After October 7, settler presence in the West Bank exploded into large-scale violent attacks that expelled at least 25 Bedouin communities and villages, particularly in the Jordan Valley. The expulsion of these communities over the past year have further cemented Israeli settler strongholds in the West Bank, once again paving a clearer path towards annexation.
Smotrich’s final touches
While the Israeli state has been laying the foundation for annexation for years, the presence of Bezalel Smotrich in the highest levels of Israel’s government has played a critical role in Israel’s ability to finally make the move towards full annexation.
Last January, Netanyahu handed Smotrich full powers on settlement policy in the West Bank, and with it, the keys to implementing annexation.
Smotrich’s vision for the West Bank is in fact a tactical implementation of the larger Israeli colonial strategy across Palestine. From one end, he pushes for choking Palestinian existence in the West Bank, geographically, administratively, and economically. On another end, he pushes for more settlement expansion with the stated goal to settle one million Israelis in the West Bank in the coming years. Finally, he pushes to make the settlements both legally and administratively part of Israel, run by Israeli government civilian agencies, erasing all distinctions between ‘Israel proper’ and Israeli-occupied territories under international law.
With Smotrich at the helm, a far-right Israeli government, an intensifying Israeli military crackdown in the West Bank, and an international lack of action against any of it, the stage is set for 2025, and Smotrich’s “year of annexation.”
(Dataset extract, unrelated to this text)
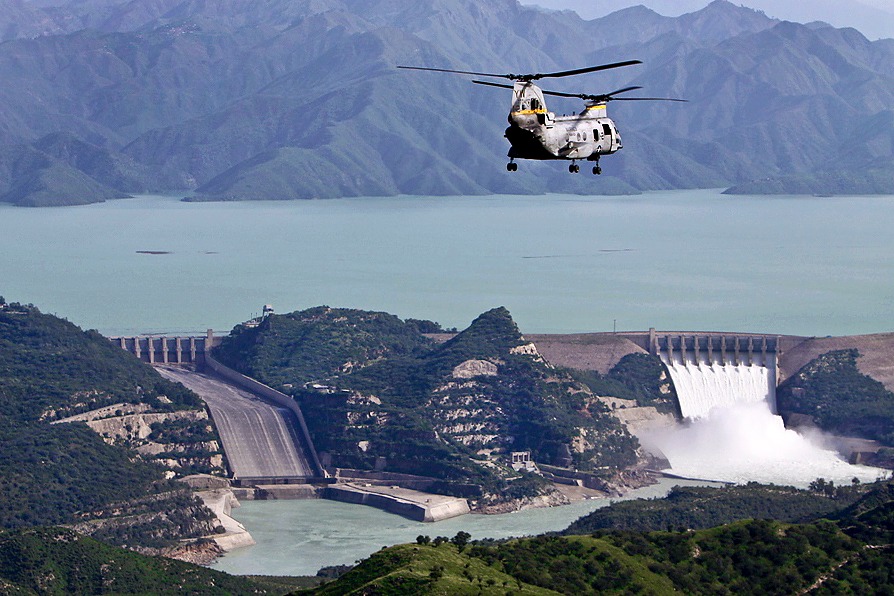 A U.S. Marine Corps CH-46 Sea Knight helicopter flies near the Tarbela Dam in Pakistan's Khyber-Pakhtunkhwa province, Aug. 27, 2010. Defense Department officials announced Aug. 30, 2010, the deployment of 18 helicopters to Pakistan from the 16th Combat Aviation Brigade, based at Fort Wainwright, Alaska.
Of course, annexation is not possible with Smotrich, or Netanyahu alone. The U.S. and Western failure to counter Israeli settlement expansion with economic or political pressure preceded Smotrich and the current Israeli government. The global crackdown on, and criminalization of, the Palestine solidarity movement’s attempts to call out Israel’s colonial policies in the West Bank also preceded Smotrich.
Many of the governments and leaders who will criticize Smotrich’s and Netanyahu’s coming actions in the West Bank, and Trump’s expected support of them, have been active participants in annexation through their years-long failure to stop it, even as the writing on the wall was as clear as ever.